27. Adalet Bakanlığı görüşünde
özetle, Avrupa İnsan Hakları Mahkemesi (AİHM) kararlarına göre, Sözleşme'nin 5.
maddesi (1) numaralı fıkrası (c) bendinin, bir ceza yargılaması çerçevesinde
bir kişinin ancak hakkında suçu işlediğine dair inandırıcı nedenlerin bulunması
halinde mahkeme önüne çıkarılması amacıyla tutuklanmasına karar verilebileceğini
düzenlediğini (Jecius/Litvanya, no.
34578/97, par. 50; Wloch/Potonya, no. 27785/95, par. 108), tutukluluk
kararının dayandırılması gereken "makul
şüphe" kavramının Sözleşme'nin 5. maddesi (1) numaralı
paragrafı (c) bendi tarafından getirilen korumanın temel unsurunu teşkil
ettiğini, inandırıcı nedenlerin, söz konusu kişinin üzerine atılı suçu işlemiş
olabileceğine dair objektif bir gözlemciyi ikna etmeye uygun olay, olgu veya
bilgilerin varlığını gerektirdiğini, bununla birlikte, makul olarak kabul
edilebilecek durumların somut olayın kendine özgü koşullarının tamamına bağlı
olduğunu (Fox, Campbell ve Hartley/Birleşik
Krallık, 30 Ağustos 1990, par. 32; O'hara/Birleşik Krallık, no. 37555/97,
par. 34; Korkmaz ve Diğerleri/ Türkiye,
no. 35979/97, 21 Mart 2006, par. 24; Süleyman Erdem/Tiirkiye,
no. 49574/99, 19 Eylül 2006, par. 37; Çelik ve Yıldız/Türkiye, no. 51479/99, 10 Kasım 2005, par. 20) belirtmiştir.
28. Başvurucu, Adalet
Bakanlığının görüşüne vermiş olduğu cevapta, AİHM kararlarında tutuklama kararı
verilebilmesi için kabul edilen “kişinin suç işlediğine ilişkin inandırıcı
sebeplerin bulunması” koşulunun başvurucu için gerçekleşmediğini, tutuklama
kararında da tutuklamayı gerektiren olguların ne olduğunun açıklanmadığını bu
nedenle tutuklama ve tutukluluğun devamı kararlarının 5271 sayılı Kanun ve
Sözleşme’nin 5. maddesine aykırı olduğunu belirtmiştir.

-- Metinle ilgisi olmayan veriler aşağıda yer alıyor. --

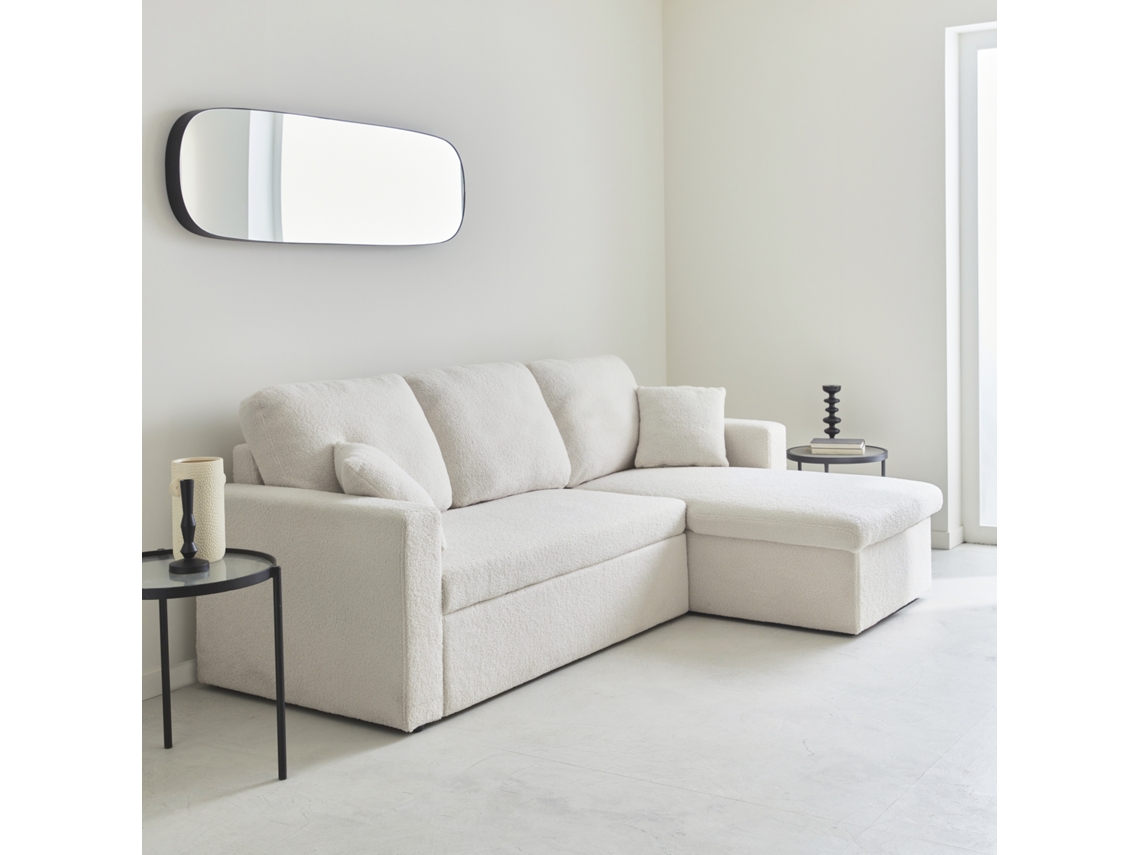 Sofá De Canto Convertível Com Caracóis Brancos SWEEEK (219 x 81 x 68 cm)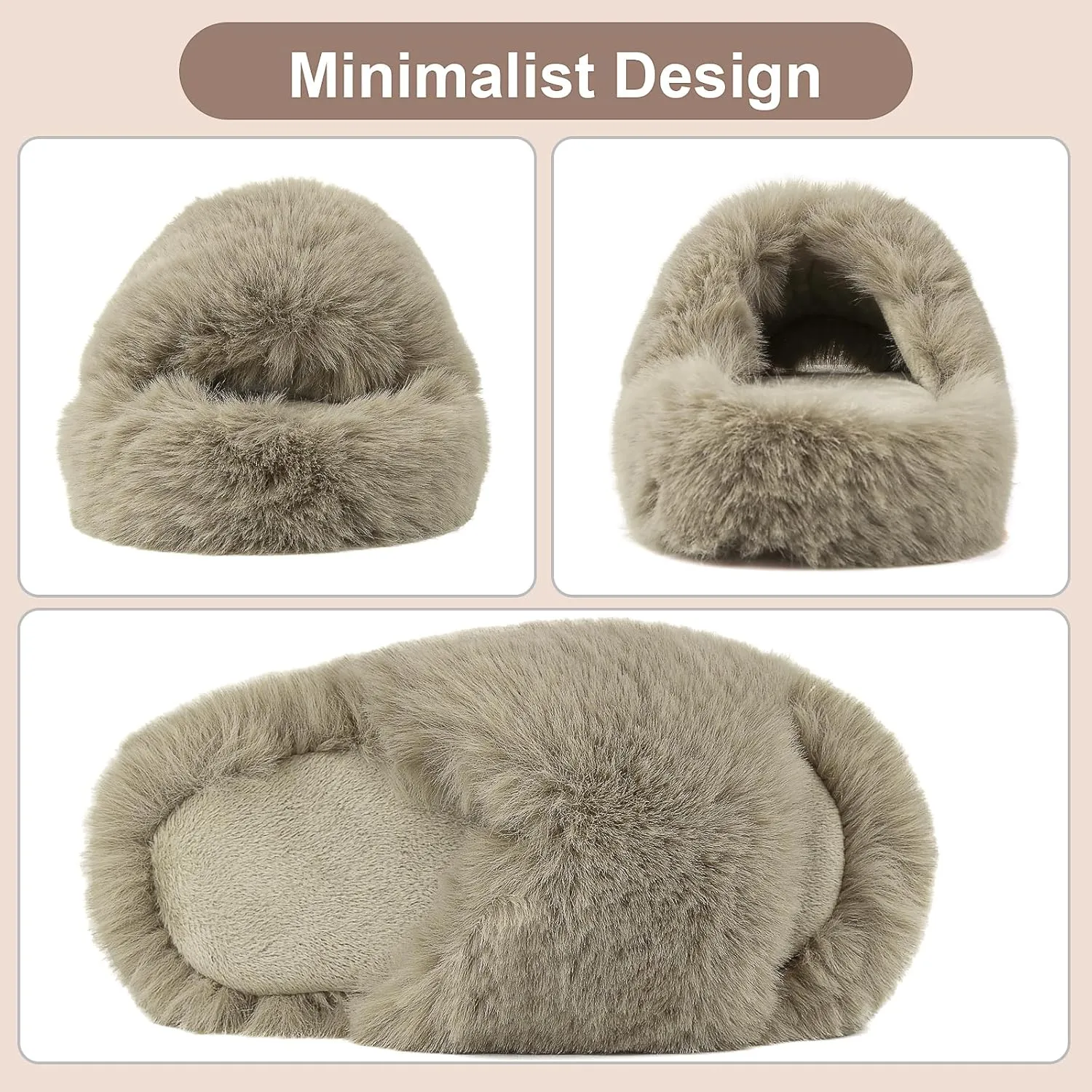 Girls Fuzzy Memory Foam Slippers Comfy丨Kids Fluffy Plush Open Toe House Slippers丨Slip On Furry Home Slides丨Indoor Outdoor Fur Flip Flop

29. 30/3/2011 tarih ve 6216 sayılı
Anayasa Mahkemesinin Kuruluşu ve Yargılama Usulleri Hakkında Kanun’un geçici 1.
maddesinin (8) numaralı fıkrası şöyledir:
“Mahkeme, 23/9/2012
tarihinden sonra kesinleşen nihai işlem ve kararlar aleyhine yapılacak bireysel
başvuruları inceler.”
30. Anılan hüküm uyarınca
Anayasa Mahkemesinin yetkisinin zaman bakımından başlangıcı 23/9/2012
tarihi olup, Mahkeme, ancak bu tarihten sonra kesinleşen nihai işlem ve
kararlar aleyhine yapılan bireysel başvuruları inceleyebilecektir. Bu açık
düzenlemeler karşısında, anılan tarihten önce kesinleşmiş nihai işlem ve
kararları da içerecek şekilde yetki kapsamının genişletilmesi mümkün değildir.
31. Öte yandan, Anayasa
Mahkemesinin bireysel başvurularda zaman bakımından yetkisi için kesin bir
tarihin belirlenmesi ve Mahkemenin yetkisinin geriye yürür şekilde
uygulanmaması hukuk güvenliği ilkesinin bir gereğidir (B. No: 2012/51, 25/12/2012, § 18).
32. Somut olayda başvuru
formunda, başvuru yollarının tüketilmesine ilişkin olarak başvurucunun 12/7/2012 tarihli tahliye talebinin İstanbul TMK 10. maddesi
ile görevli 1 no’lu Hâkimliğince 27/7/2012 tarih ve
2012/28 değişik iş sayılı karar ile reddedildiği, bu karara karşı yapılan
14/8/2012 tarihli itirazın da reddedildiği belirtilmiştir. İstanbul 22. Ağır
Ceza Mahkemesinin yazı cevabında 14/8/2012 tarihli
itirazın İstanbul TMK’nın 10. maddesi ile görevli 2 No’lu Hâkimliğince 12/9/2012 tarih ve 2012/103 değişik iş
sayılı karar ile reddedildiği belirtilmiştir. Buna göre, bireysel başvuru
tarihi itibariyle başvurucunun tutukluluğu hakkında itiraz üzerine verilen
nihai kararın 2012/103 değişik iş sayılı karar olduğu ve bu kararın da, Anayasa
Mahkemesinin bireysel başvurulara ilişkin zaman bakımından yetkisinin başladığı
tarihten önceye ait olduğu sonucuna varılmıştır.
33. Açıklanan nedenlerle,
başvuru konusu tutukluluğa itirazın reddine ilişkin kararın 23/9/2012
tarihinden önce kesinleşmiş olduğu anlaşıldığından başvurunun, diğer kabul
edilebilirlik şartları yönünden incelenmeksizin “zaman bakımından yetkisizlik” nedeniyle kabul edilemez
olduğuna karar verilmesi gerekir.
V. HÜKÜM
Başvurunun,
“zaman bakımından yetkisizlik” nedeniyle KABUL
EDİLEMEZ OLDUĞUNA, yargılama giderlerinin başvurucu üzerinde
bırakılmasına, 20/11/2014 tarihinde OY BİRLİĞİYLE karar verildi.